# Enhanced VAE Clustering with Convolutional Architecture

This notebook implements:
- **Convolutional VAE**: CNN-based architecture for mel-spectrogram processing
- **Hybrid Features**: Audio features + Lyrics embeddings
- **Multiple Clustering**: K-Means, Agglomerative Clustering, DBSCAN
- **Evaluation Metrics**: Silhouette Score, Davies-Bouldin Index, Adjusted Rand Index

**⚠️ Prerequisite**: Run `data_preprocessing.ipynb` first to generate preprocessed data files.

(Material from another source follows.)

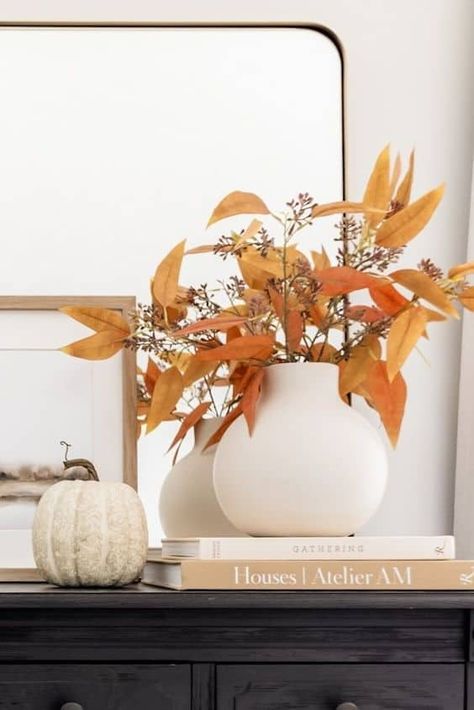 25 Modern Chic Fall Home Decor Ideas » Lady Decluttered Fall Window Sill Decor, Eucalyptus Decor, Woodside Homes, Kitchen Staging, Fall Tabletop Decor, Fall Front Porch Decor Ideas, Pitcher Decor, Halloween Mantle, Decor 2023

## Cell 1: Imports and Load Dataset


In [None]:
# Install packages if needed (uncomment for Colab)
# !pip install scikit-learn numpy matplotlib torch torchvision -q

import numpy as np
import pickle
import warnings
warnings.filterwarnings('ignore')

from sklearn.cluster import KMeans, AgglomerativeClustering, DBSCAN
from sklearn.metrics import silhouette_score, davies_bouldin_score, adjusted_rand_score
from sklearn.manifold import TSNE
from sklearn.neural_network import MLPRegressor
from sklearn.decomposition import PCA

import matplotlib.pyplot as plt

np.random.seed(42)

# Load preprocessed data
print("Loading preprocessed data...")
mel_spectrograms = np.load('mel_spectrograms.npy')
audio_features = np.load('audio_features.npy')
lyrics_embeddings = np.load('lyrics_embeddings.npy')
hybrid_features = np.load('hybrid_features.npy')
labels = np.load('labels.npy')

with open('genre_mapping.pkl', 'rb') as f:
    mappings = pickle.load(f)
    genre_to_label = mappings['genre_to_label']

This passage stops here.